This approach was explored in "There and Back Again: Arrows for invertible programming": http://citeseer.ist.psu.edu/viewdoc/summary?doi=10.1.1.153.9383
For precisely the reasons you're running into, this turned out to be a bad approach that wasn't picked up more widely. More recently, Tillmann Rendel produced a delightful approach to invertible syntax that substituted partial isomorphisms for biarrows ( http://www.informatik.uni-marburg.de/~rendel/rendel10invertible.pdf ) . This has been packaged up on hackage for folks to use and play with: http://hackage.haskell.org/package/invertible-syntax
That said, I think an arrow without
arrmakes a certain amount of sense.
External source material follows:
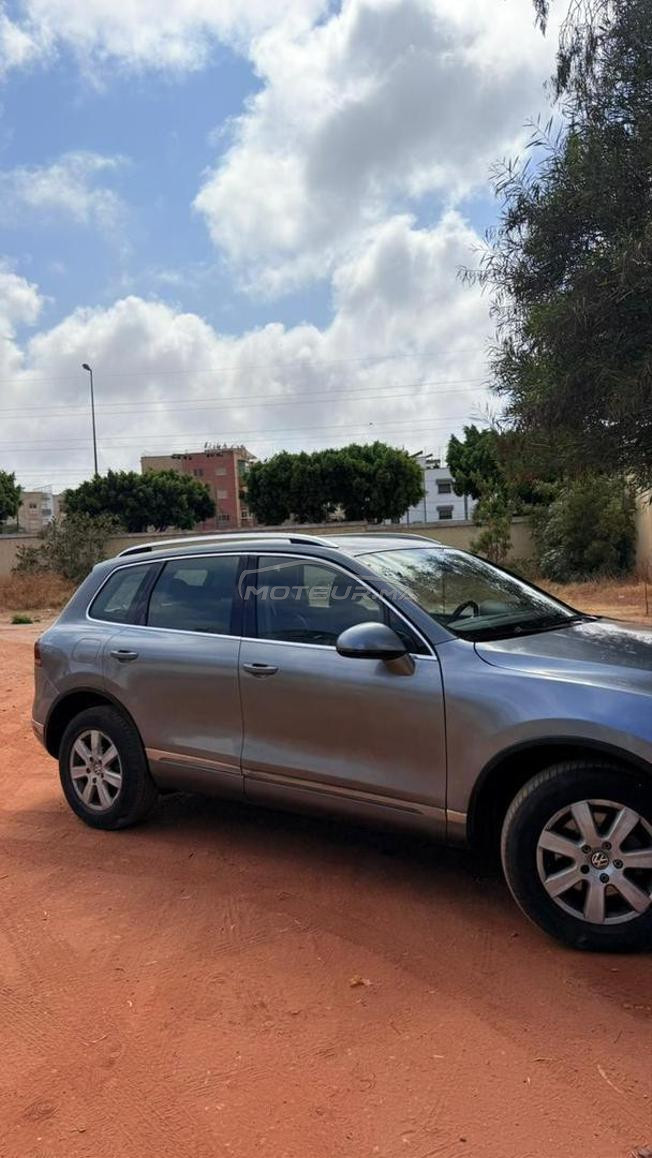 Volkswagen Touareg Diesel Automatique 2017 à Rabat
I just don't think that such a thing is an appropriate vehicle to capture invertible functions.Edit: There's also Adam Megacz's Generalized Arrows (http://www.cs.berkeley.edu/~megacz/garrows/). These are maybe not useful for invertible programming either (though the basic typeclass does seem to be inveritble), but they do have uses in other situations where
arris too strong, but other arrow operations may make sense.从类别理论的角度来看,
Category类型类描述了任何类别,其箭头可以在 Haskell 中通过类型构造函数直接描述。几乎任何您想要在此基础上构建的附加功能(以新的原始箭头或箭头构建函数的形式)在某种程度上都将有意义,如果您可以使用总函数来实现它。唯一需要注意的是,增加表达能力可能会破坏其他要求,就像arr经常发生的情况一样。您的可逆函数的具体示例描述了一个所有箭头都是同构的类别。令人震惊的是,Edward Kmett 已经在 Hackage 上实现了这一点。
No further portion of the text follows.